Y tendrían que hacerlo a partir de un dato que no es menor: la convicción suya de tener un poder irrestricto. En realidad, no estaba equivocado. Era muy poderoso, aparte de tener buena imagen en las encuestas. Esa mezcla le fue letal y le amputó el sentido de la realidad. A tal punto que nunca se le pasó por la cabeza lo que ese maldito encuentro fuera de oficina terminaría siendo: un completo desastre y un viaje sin vuelta a la transgresión delictual.
El deseo embriaga y enceguece. Pero el poder hiere y hasta puede matar.

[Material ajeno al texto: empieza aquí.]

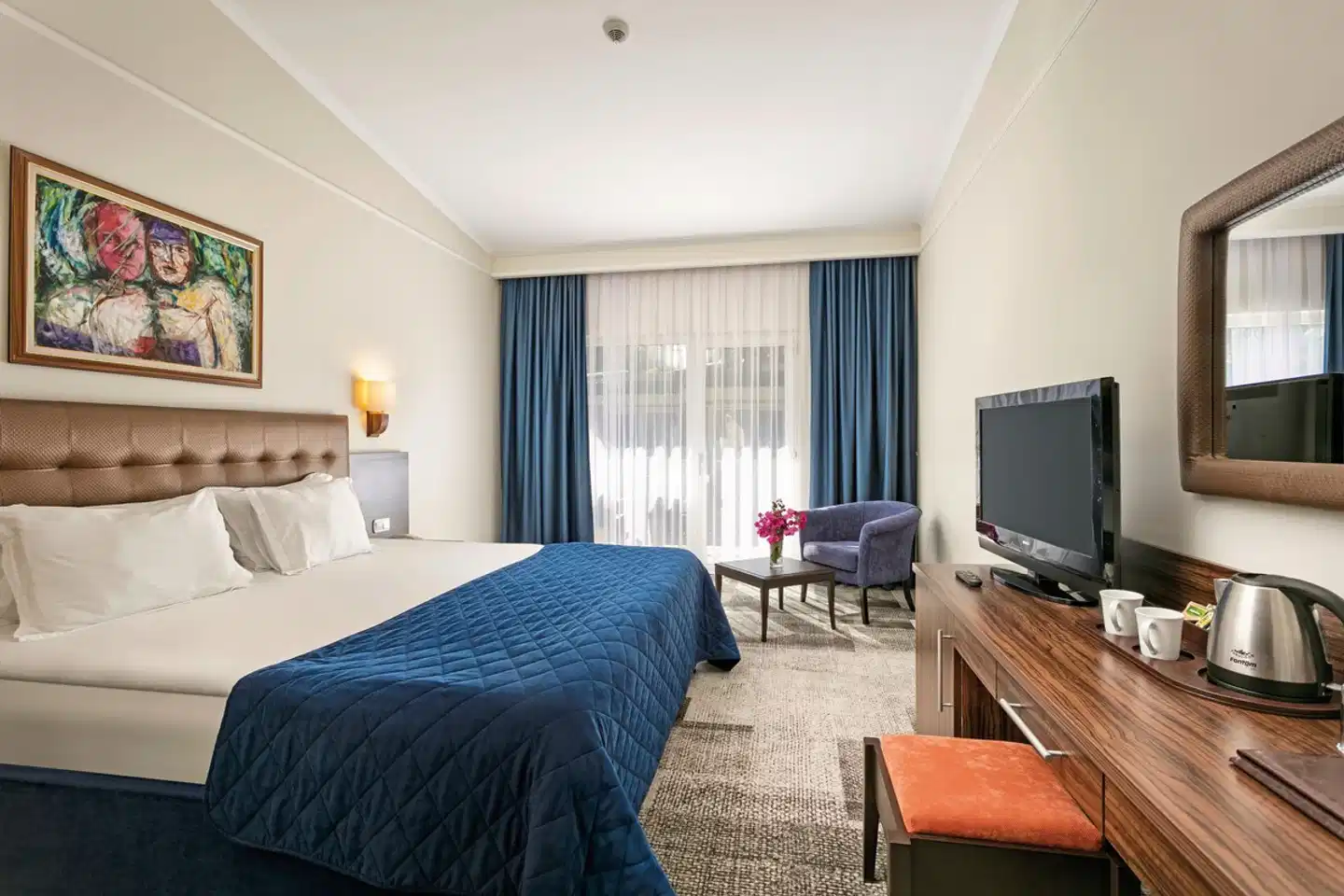 Pine Beach Belek Wohnbeispiel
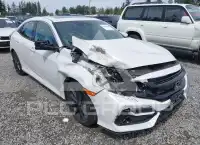 2020 Honda CIVIC фото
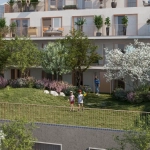 Appartement 2 pièces à Avrillé – livraison 2026, parking inclus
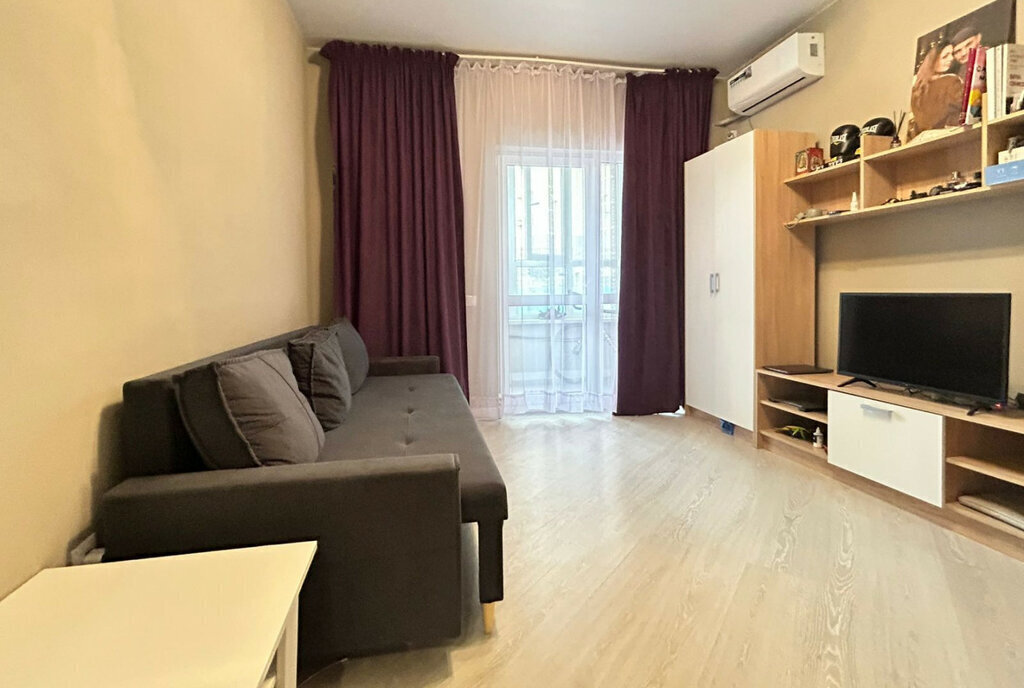квартира г Новороссийск улица Матвейкина, 1 Ак 4 фото 7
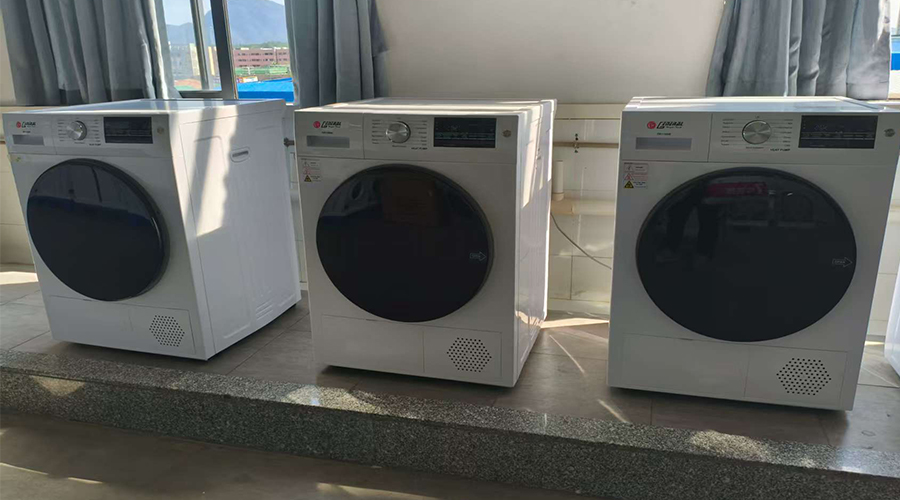 順應潮流，金環(huán)電器熱泵烘干機引領綠色生活新風尚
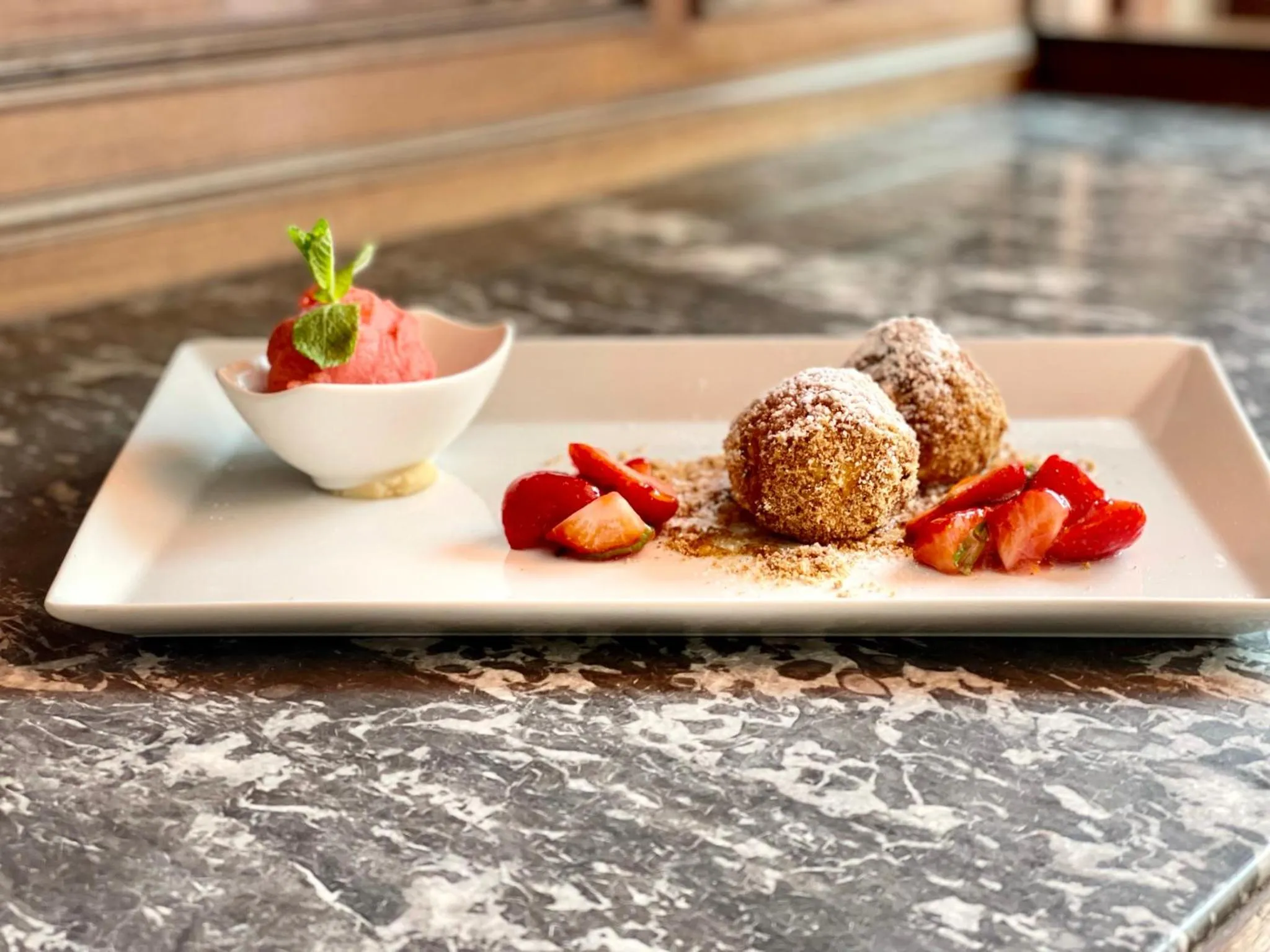 Restaurant/places to eat in Familie Hopfeld - Hotel Dreikönigshof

Si de lo que nos hemos enterado en las últimas semanas no da para configurar una historia de amor no correspondido, por fuerte que sea la carga maniaca de la conducta del inculpado, es por el escándalo que introducen los pormenores de la erótica del poder y por el lamentable testimonio que entrega quien estaba llamado a ser el garante de la seguridad y del apego a la ley.
Gran diferencia, por cierto. Un amor no correspondido, como lo saben los lectores de El gran Gatsby, de Fitzgerald, de Noches blancas, la novela corta de Dostoievki, o de Travesuras de la niña mala, de Vargas Llosa, puede terminar mal o en tragedia. En este caso, el desenlace, al menos hasta aquí, solo califica para asombro, cárcel y una larga comedia de equivocaciones y enredos.